A typical introductory task in machine learning (the “Hello World” equivalent) is one that uses a dataset to predict whether a customer will enroll for a term deposit at a bank, after one or more phone calls. For more information about the task and the dataset used, see Bank Marketing Data Set.
Direct marketing, through mail, email, phone, etc., is a common tactic to acquire customers. Because resources and a customer's attention are limited, the goal is to only target the subset of prospects who are likely to engage with a specific offer. Predicting those potential customers based on readily available information like demographics, past interactions, and environmental factors is a common machine learning problem. You can imagine that this task would readily translate to marketing lead prioritization in your own organization.

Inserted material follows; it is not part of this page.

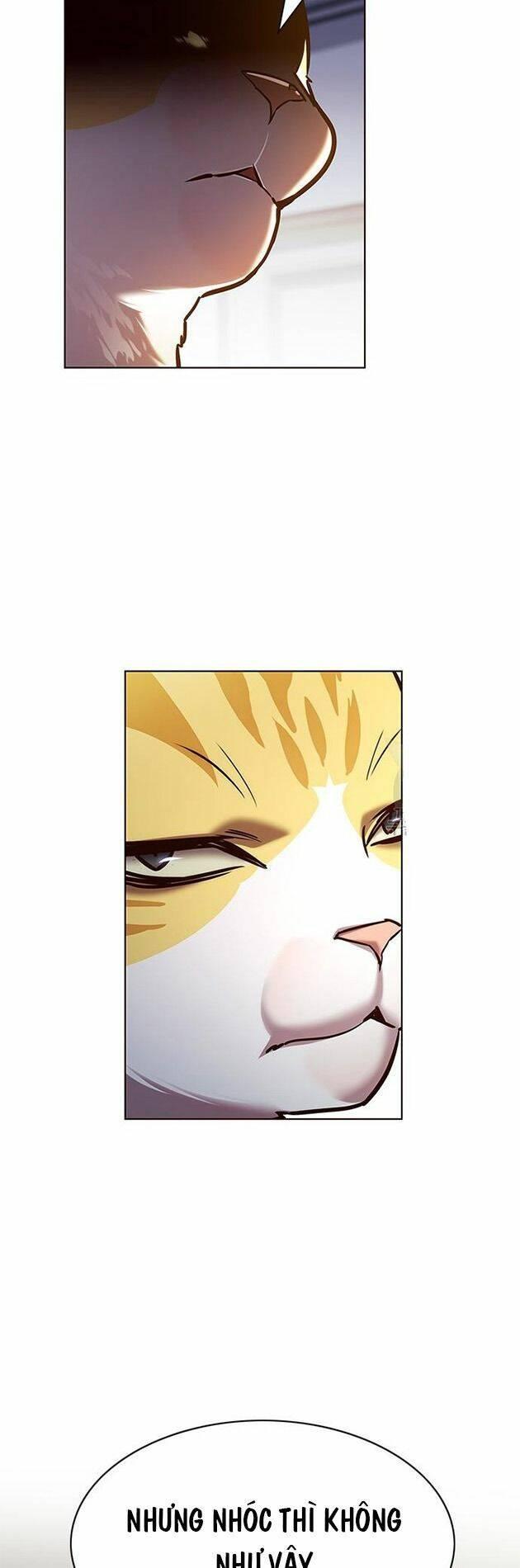 biến thân thành mèo chapter 214 83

This example demonstrates how you can use Autopilot on this dataset to get the most accurate ML pipeline through exploring a number of potential options, or “candidates”. Each candidate generated by Autopilot consists of two steps. The first step performs automated feature engineering on the dataset and the second step trains and tunes an algorithm to produce a model. When you deploy this model, it follows similar steps. Feature engineering followed by inference, to decide whether the lead is worth pursuing or not. The notebook contains instructions on how to train the model as well as to deploy the model to perform batch predictions on a set of leads. Where it is possible, use the Amazon SageMaker Python SDK, a high level SDK, to simplify the way you interact with Amazon SageMaker. Let's explore two ways to run this example:
Clicking “Create Experiment” in the previous step will open the following tab
Track the progress of your experiment using the progress bar shown below. In this case, SageMaker Autopilot is done with “Analyzing data” and the “Feature Engineering” steps and is currently running “Model tuning”
The trials tab helps you keep track of training jobs that are completed, in progress and the training job that is the best so far:
To get more details about a particular trial, you can right click on any trial and click “Open in Trial details”
Click on “Objective” to sort the trial rows by objective - this will put the best trial on the top
Right-click on the best trial and click “Open in Trial component list”. Highlight the first 15 rows by holding down ctrl and click through, or by clicking the first row, and clicking on the 15th row while holding down shift. Then click “Add chart”
Scroll down and click the “New Chart” area
Under Chart Properties in the right side-bar, select Data type : “Summary Statistics”, Chart type : “Histogram” and use the drop-down under X-axis to select validation:accuracy_avg Feel free to explore other charts!
In the Trial components list, click any trial followed by “Deploy model”. Add an endpoint name, and any other optional parameters and click the [Deploy model] button!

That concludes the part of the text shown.